For developing novel heat exchangers, the properties of the working fluids, especially the rheological properties for non-Newtonian fluids, should be determined first. The main working fluids in the AD process are the slurries. Manure and corn straw slurries have been found to be the non-Newtonian fluids and show complex properties for their shear-thinning, temperature-, and substrate-dependent rheological properties [11, 12]. Moreover, the rheological properties were found as the key to determining the flow and heat-transfer process for the slurries [13]. However, to the best of our knowledge, the rheological properties of food waste slurry are missing. This hindered the quantifications of experimental and numerical studies on the heat-transfer process for the food waste slurries.

The twisted tubes have been extensively approved as an effective passive technology for the heat-transfer enhancement of fluids with complex properties.

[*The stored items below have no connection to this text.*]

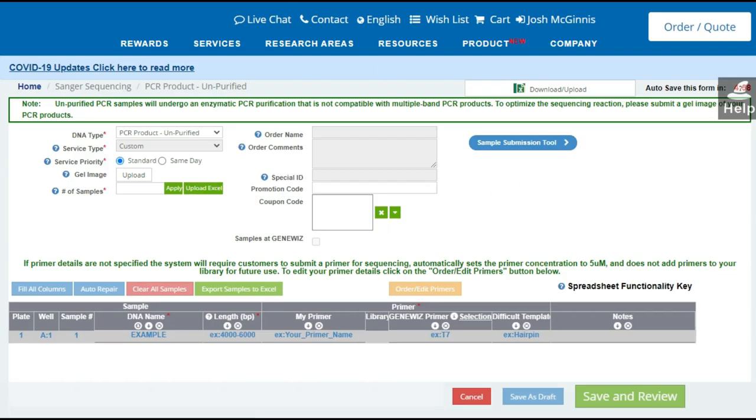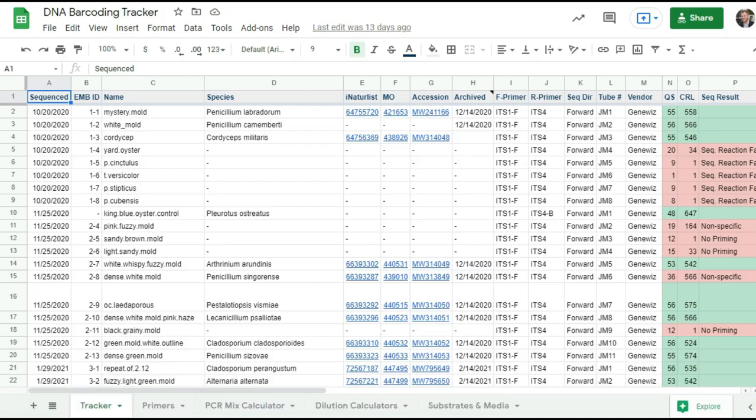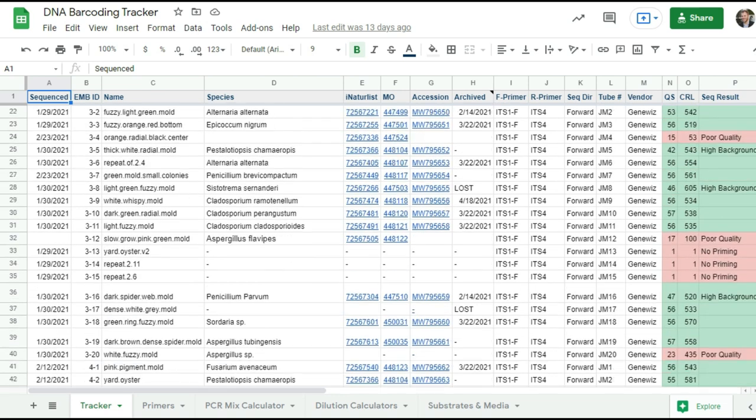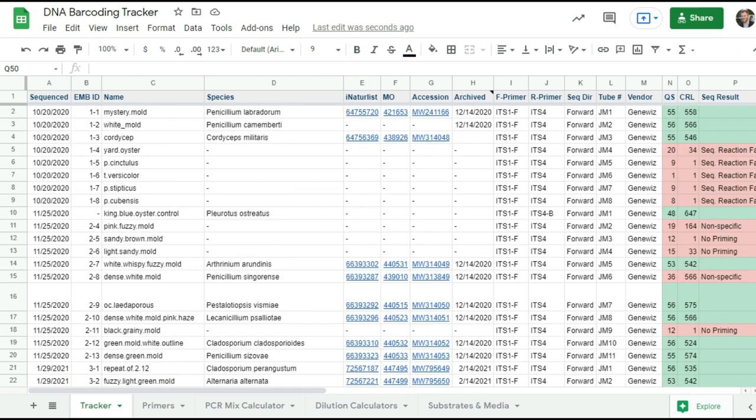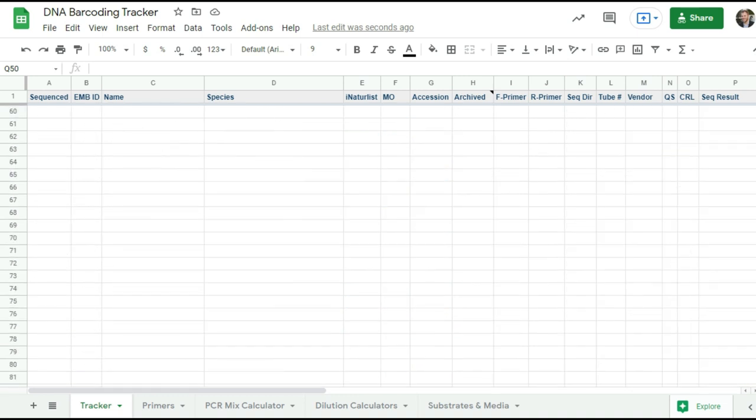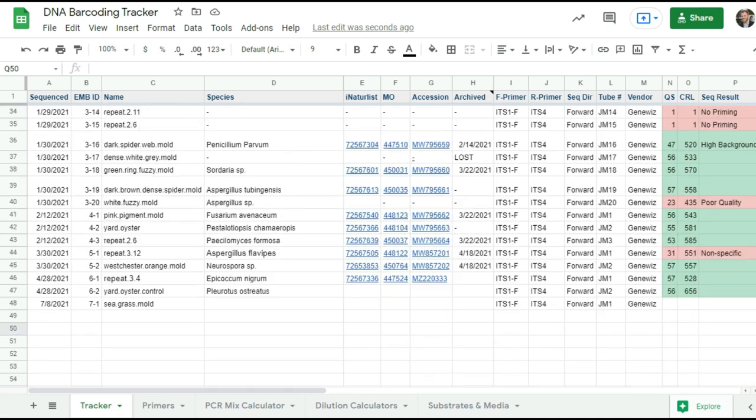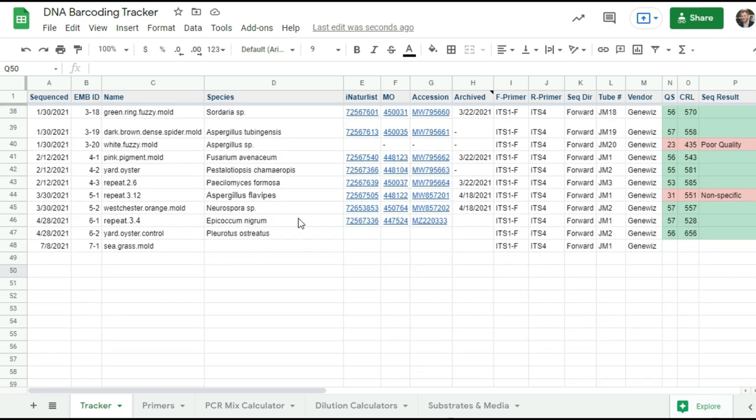Before we move on, I want to show you how I track my DNA barcoding samples. Because if you're doing a lot of them, and you're doing multiple orders, you will want to have some sort of centralized way of tracking them. So I've created this Google Sheet here. And whenever I have a culture, I will come in and put in a new entry into this spreadsheet. You can see that I have one already.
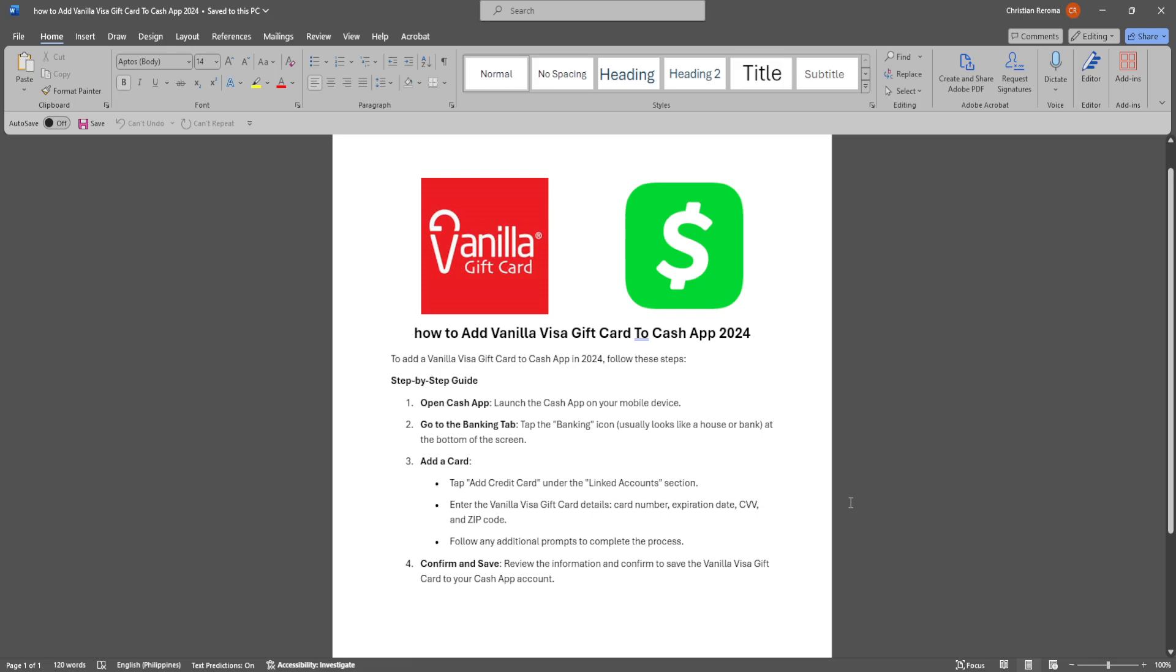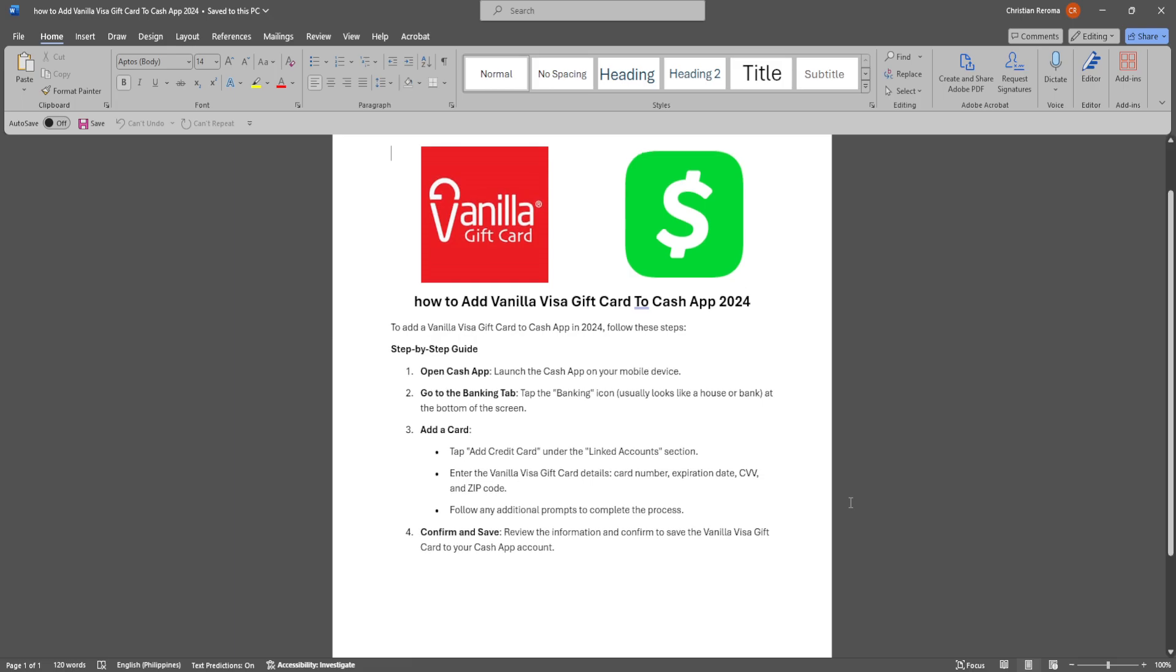It usually looks like a house or bank at the bottom of the screen. Now add a card, so tap add credit card under the linked account section. Enter the vanilla visa gift card details including the card number, expiration date, CVV and zip code.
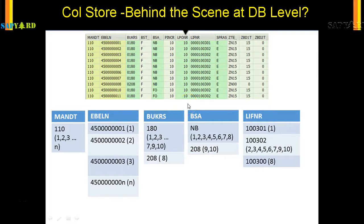Let me try to explain what happens behind the scene at the database level. Say you have this table where you have MANDT and EBLN — this is from the PO.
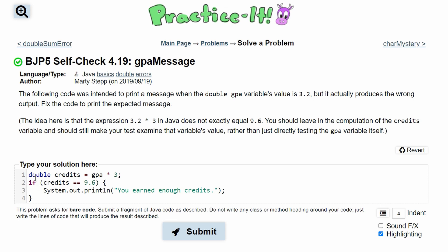In the code that we're given, we have double credits equal to GPA times 3. GPA has to be 3.2 to be in this if statement, so we have 3.2 times 3, and we're storing that in a double. Then we are comparing that to 9.6. Well, 3.2 times 3 normally is 9.6. However, when we do this in Java, you're going to get a rounding error.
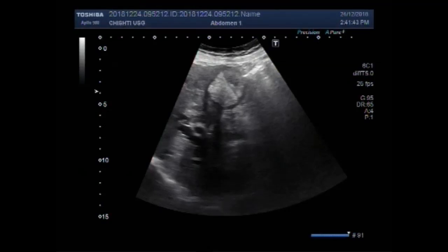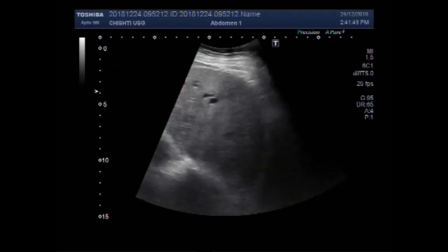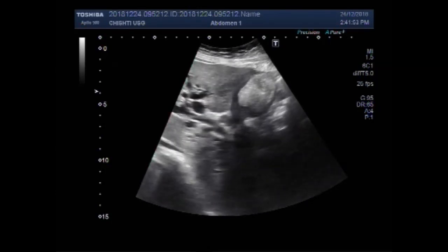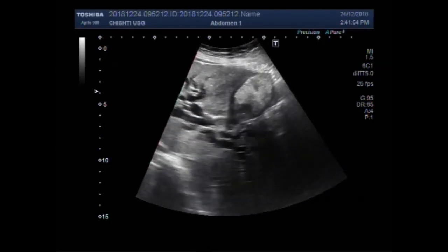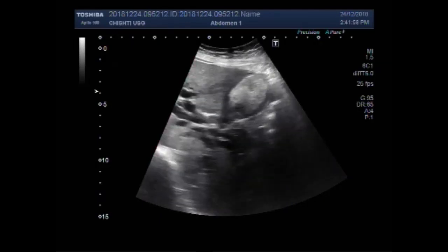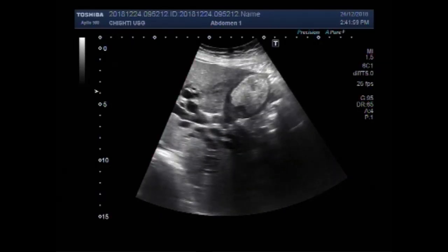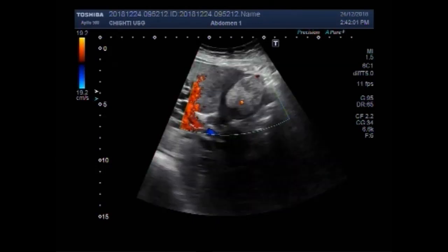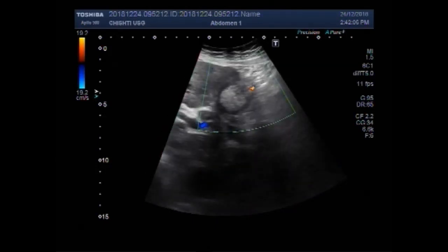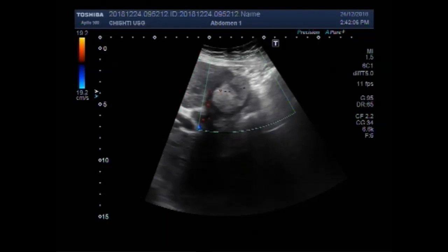Dear viewers, I hope you are all fine. This ultrasound video shows a mass in the gallbladder with the irritation of the biliary channels due to the tributaries of the mass going into the biliary channels.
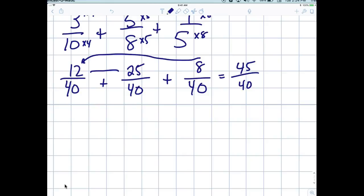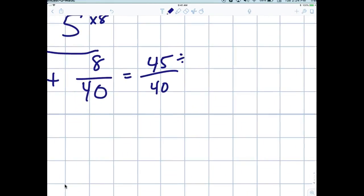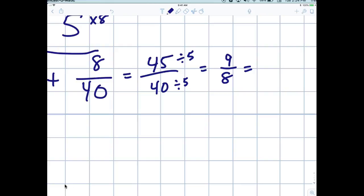When we add them, eight plus twelve is twenty, and twenty plus twenty-five is forty-five. So we get 45 over 40. That's a mixed fraction. Now we have to reduce — divide by 5 — so that becomes nine-eighths. Nine-eighths is the same as one and five-eighths, because eight goes into nine once with one left over. So the final answer is one and one-eighth. If you got that, pat yourself on the back.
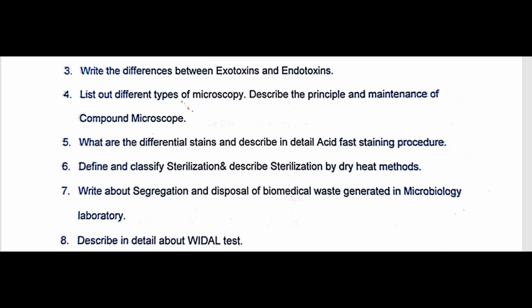Question four is Different Types of Microscopy — Principles and Maintenance of Compound Microscope. Question five covers Different Stains and describes the Acid-Fast Staining Procedure.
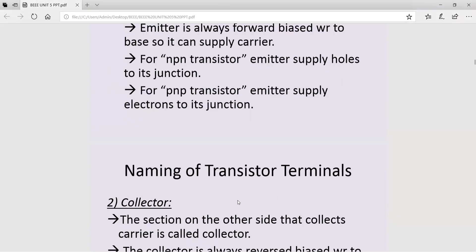This is all about the basic constructional details of a transistor. In the next video, we will look into the basic operation of NPN and PNP transistors and their configurations. Thank you for watching.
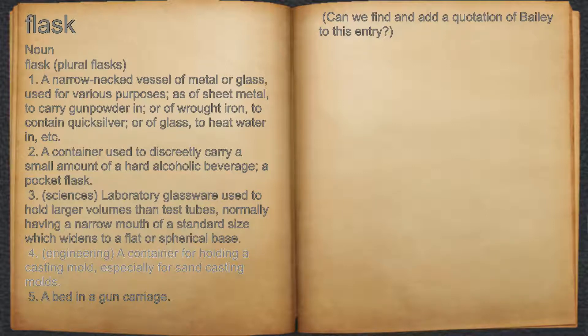4. Engineering: a container for holding a casting mold, especially for sand casting molds.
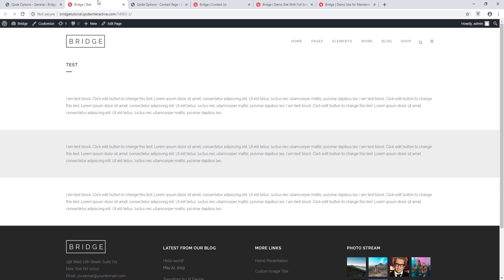In this video we covered the various different page templates available with Bridge. If you would like to be notified about upcoming videos you can subscribe to our channel, and if you have any questions or comments you can leave them in the comment section. Thank you for watching.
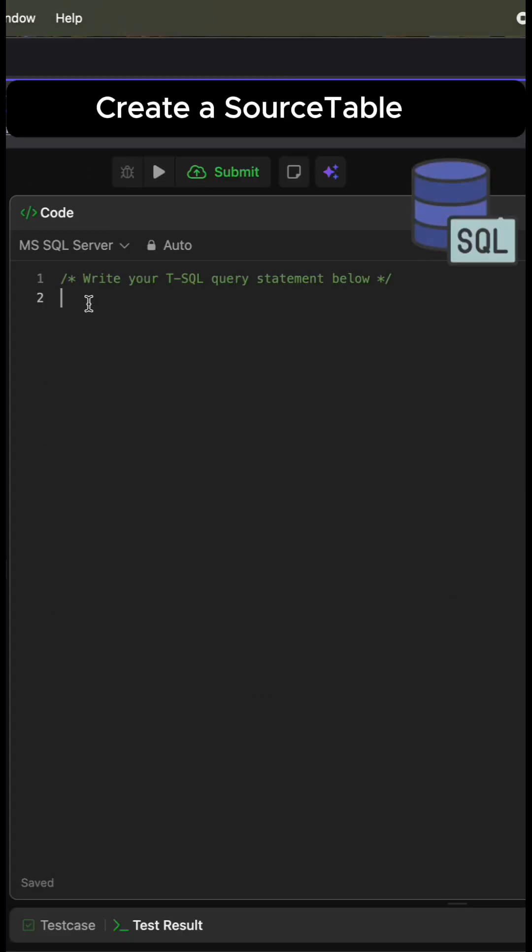First, we create a source table. Select ID, revenue, and month from our original table department, and we save this as a source table.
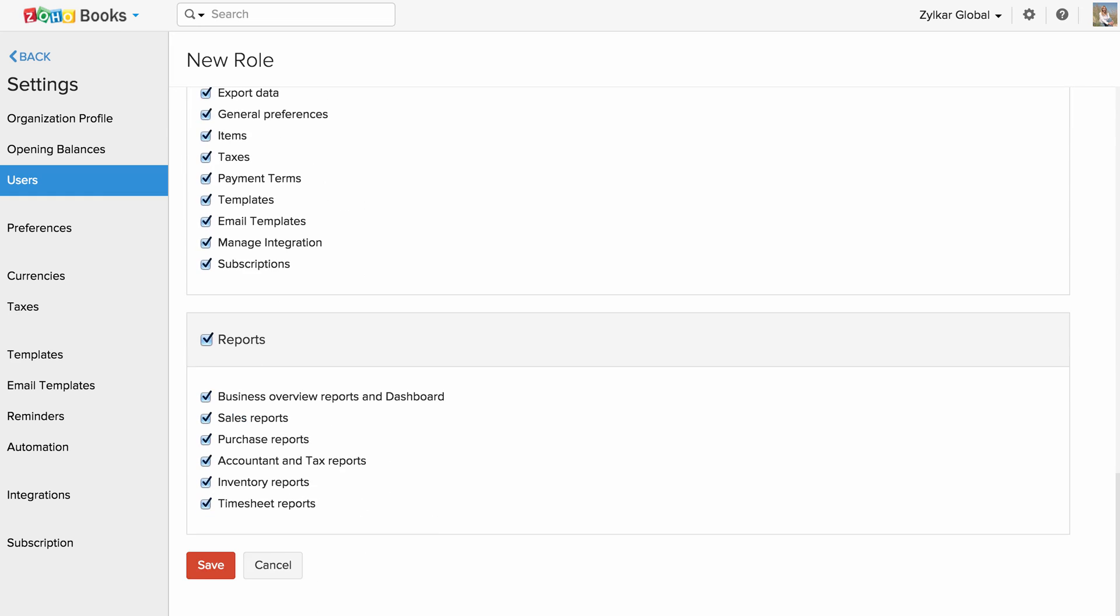That's the level of granularity Zoho Books provides you when it comes to user roles. Once done, save the role.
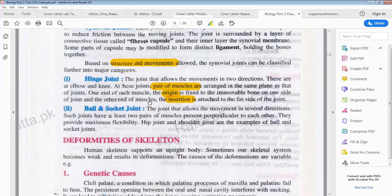The next type is the ball and socket joint, which allows movement in several directions. Such joints have at least two pairs of muscles arranged perpendicular to each other at 90 degrees, providing maximum flexibility. The hip joint and shoulder joint are examples of ball and socket joints.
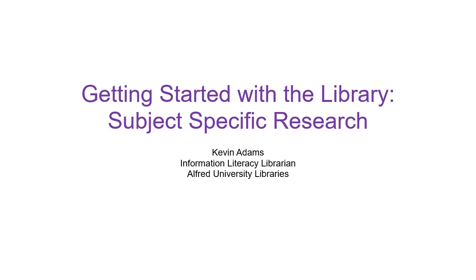Hello, my name is Kevin Adams and I am the Information Literacy Librarian at Alfred University. Thank you for joining me today for getting started with the Library Part 2, Subject-Specific Research.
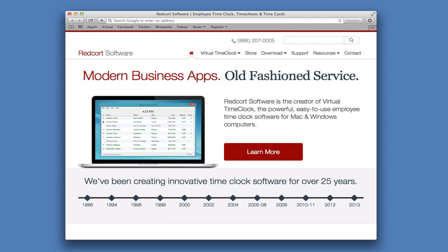Hi, I'm Jeff, a product specialist here at RedCourt Software, and I would like to show you how easy it is to install Virtual Time Clock Network Edition on a Macintosh computer.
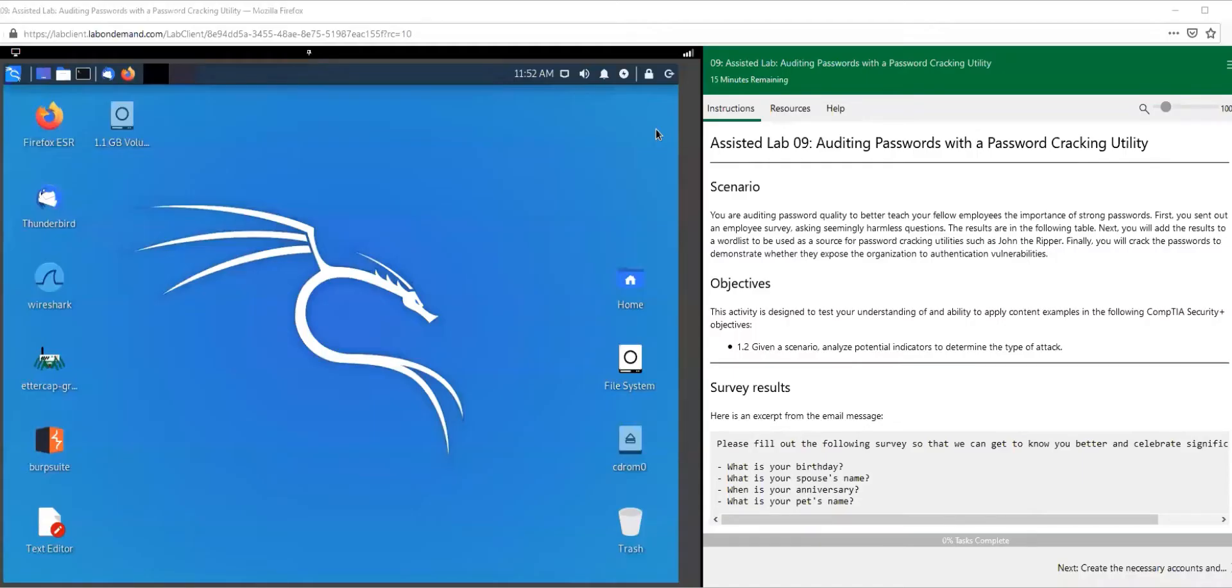Welcome back everybody. We are on CertMaster Labs with Security Plus 601, and we're going to go through password cracking in the next few sections.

In our previous studies, for the manure slurry (MS) [14] and corn straw slurry (CSS) [15], we screened twisted hexagonal tubes (THTs) from multiple twisted equilateral-polygon tubes using computational fluid dynamics (CFD)-based simulations, verified the enhanced performance of THTs with experiments, and integrated THTs into thermal systems of biogas plants. Our observations indicated that for the full-scale biogas plant, the implementation of optimally structured THTs in waste-heat recovery and the external heating processes significantly increase the net production of biofuel by up to 17% and conserve thermal energy by up to 39%, respectively. However, these studies focused on the heat-transfer performance including the heat-transfer coefficient, friction coefficient, and enhancement factor only compared to the circular tube in heating process (cool slurries and hot heat-exchange wall). The improvements achieved using THTs and commercialized twisted tubes in combination with other kinds of slurries, e.g., food waste, and in other processes, including heating and cooling, are yet to be established.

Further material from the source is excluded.